Timothy (Τιμόθεος Timótheos) was a military commander of the Seleucid Empire, active during the mid 2nd century BCE and probably a governor in the land of Ammon and Gilead. He fought during the Maccabee campaigns of 163 BC against the local Jews, and later the Maccabee rebel army directly. He was eventually defeated by Judas Maccabeus (Judah Maccabee) at Dathema in Gilead.

==Primary sources==
No Greek records of Timothy remain, so all that is known of him are hostile accounts from the Jewish books of 1 Maccabees and 2 Maccabees. He appears briefly in Josephus's book Jewish Antiquities, but the work does not add any details on him not already in 1 Maccabees. According to these sources, Timothy hired mercenaries, both Arabian and Asian horsemen, and used those forces in a local struggle with the Jews of Ammon and Gilead. Judas Maccabeus's intervention drove him off and saved the besieged Jews, and according to 2 Maccabees, Timothy died, although the timing of when and how is somewhat unclear due to 2 Maccabees seemingly describing the events out-of-order. As an additional complication, a Seleucid commander named Timothy is described in 2 Maccabees 8, 2 Maccabees 10 (which describes Timothy's death), and 2 Maccabees 12, but it is disputed whether it is the same Timothy being referred to, or else separate people named Timothy, which would allow the account in Chapter 12 to come chronologically after the death of Timothy in Chapter 10.

==Analysis==
Most scholars accept that 1 Maccabees Chapter 5 and 2 Maccabees Chapter 12 are describing the same rough struggle; they both mention a struggle at Carnaim and include many similar locations. Bezalel Bar-Kochva additionally argues that both 2 Maccabees Chapter 8 and 10 are also referring to the same campaign. In Chapter 8, the inclusion of the incident appears to be "associative writing" as both the Battle of Emmaus described earlier in the chapter, and the clash with Timothy, stress the noble behavior of the Jewish army: they stop plundering and divide the spoils equally between widows, orphans, and the wounded, hence being relevant to insert into the narrative. Chapter 8 also mentions the mention of a death of a phylarch (literally "tribal commander"), which Bar-Kochva argues was likely an Arab sheikh of a tribe allied with Timothy as described in 1 Maccabees 5. While a direct reading of 2 Maccabees 10 suggests it is referring to a separate invasion of Judea, it is often argued that "Gezer" (in western Judea) was a distorted memory or translation of "Jazer" (in Ammon), and someone who did not recognize Jazer accidentally moved the incident to Gezer in the 2 Maccabees version. Bar-Kochva notes that the Egyptian epitomist of 2 Maccabees does not appear very familiar with the geography of Coele-Syria, rendering such a mistake plausible. He further argues that there was just one Timothy, and that Jason of Cyrene's lost history probably described the fates of enemy commanders in some detail, hence a list of Timothy's brothers being included; that would mean that the account of Timothy's death in Chapter 10 likely was reliable and originated from Jason's history, even if the moralistic slant where it was explained as a belated punishment for blasphemy might have been the epitomist's addition.

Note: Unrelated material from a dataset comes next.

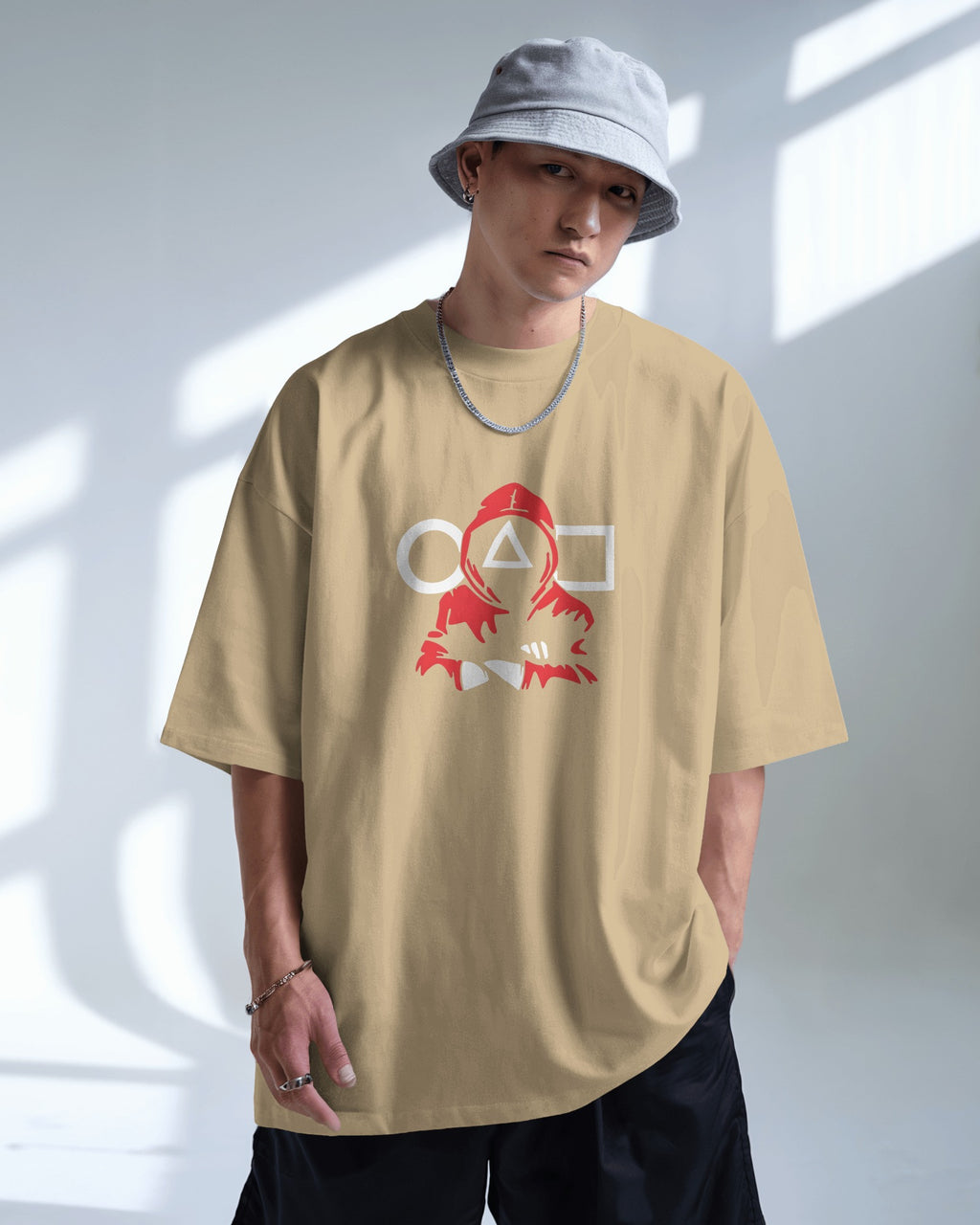 Squid Game Guard Oversized Tee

John D. Grainger is suspicious of the veracity of the accounts in the surviving sources, believing they probably exaggerated the Hasmonean's success. He argues that it seems more likely the Maccabee attacks were not particularly successful, Timothy successfully blocked the attack and defended Ammon (given the later retreat), and the Maccabees fell back with little more results than a looting expedition.